- Directed by: Roberto Gavaldón
- Written by: Roberto Gavaldón Mauricio Magdaleno José Revueltas
- Based on: The Three Perfect Wives by Alejandro Casona
- Produced by: Gregorio Walerstein
- Starring: Arturo de Córdova Laura Hidalgo Miroslava.
- Cinematography: Agustín Martínez Solares
- Edited by: Juan José Marino
- Music by: Antonio Díaz Conde
- Production company: Cinematográfica Filmex
- Distributed by: Cinematográfica Filmex
- Release date: 12 March 1953;
- Running time: 110 minutes
- Country: Mexico
- Language: Spanish

= The Three Perfect Wives =

1953 film

The Three Perfect Wives (Spanish: Las tres perfectas casadas) is a 1953 Mexican romantic drama film directed by Roberto Gavaldón and starring Arturo de Córdova, Laura Hidalgo and Miroslava.
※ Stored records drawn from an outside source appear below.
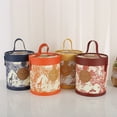 thumbnail image 3 of Gift Box Floral Print Widely Applied Round Shape Lid Bucket Florist Gift Packaging Box for Party, 3 of 8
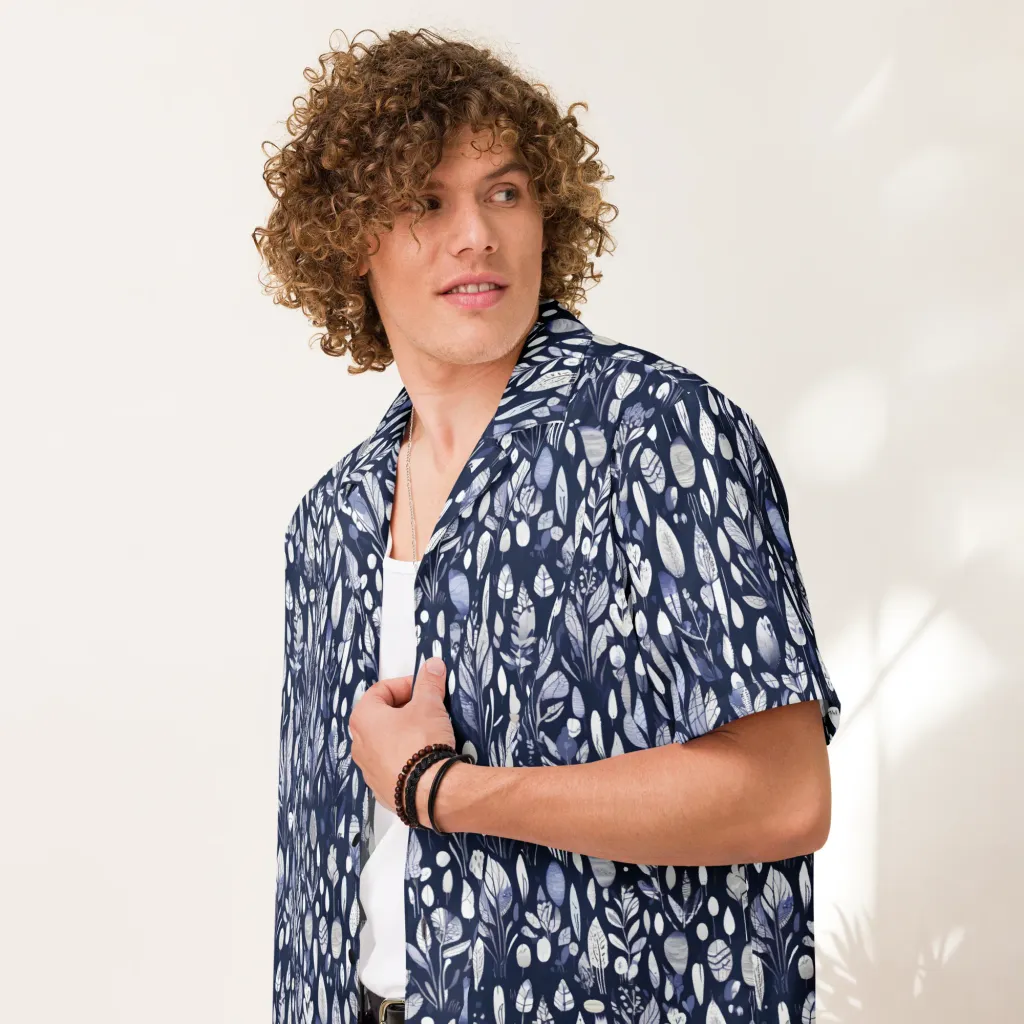 Midnight Herbarium on Button Shirt — Front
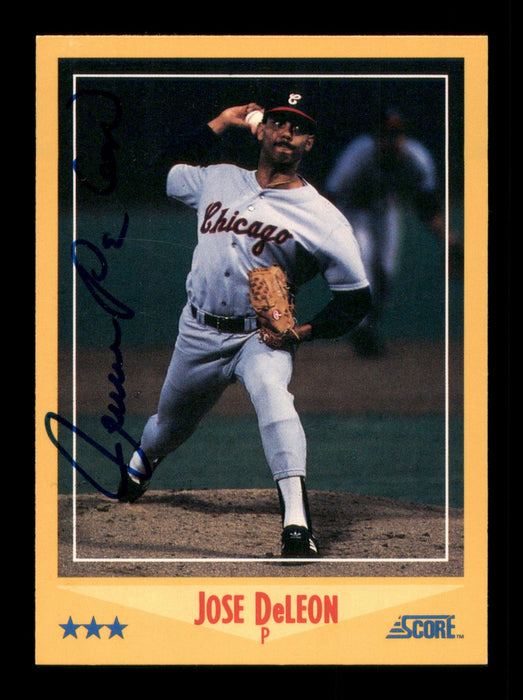 Jose DeLeon Autographed 1988 Score Card #508 Chicago White Sox SKU #188421 - RSA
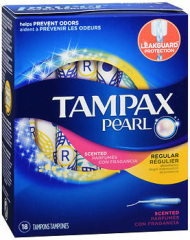 Tampax Pearl Tampons with Plastic Applicators Regular Absorbency Fresh Scent - 18 ct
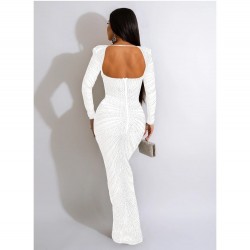  Sexy Hot Drilling Backless Ladies Long Party Dress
It is based on the eponymous play by Alejandro Casona. The film's sets were designed by the art director Jorge Fernández. It was entered into the 1953 Cannes Film Festival.

== Synopsis ==
The tranquility of three married couples is interrupted when after the death of Gustavo Ferrán (Arturo de Córdova), a mutual friend leaves a letter saying that he was the lover of the three women. When he reappears, nothing will ever be the same again.

==Cast==
- Arturo de Córdova as Gustavo Ferran
- Laura Hidalgo as Ada
- Miroslava as Leopoldina
- José María Linares-Rivas as Javier
- René Cardona as Jorge
- José Elías Moreno as 	Máximo
- Consuelo Frank as Genoveva
- Alma Delia Fuentes as Clara
- Arturo Soto Rangel as 	Francisco
- Armando Sáenz as 	Luciano
- Francisco Jambrina as Doctor
- Lidia Franco as Sirvienta

== Bibliography ==
- Amador, María Luisa. Cartelera cinematográfica, 1950-1959. UNAM, 1985.
- Riera, Emilio García. Historia del cine mexicano. Secretaría de Educación Pública, 1986.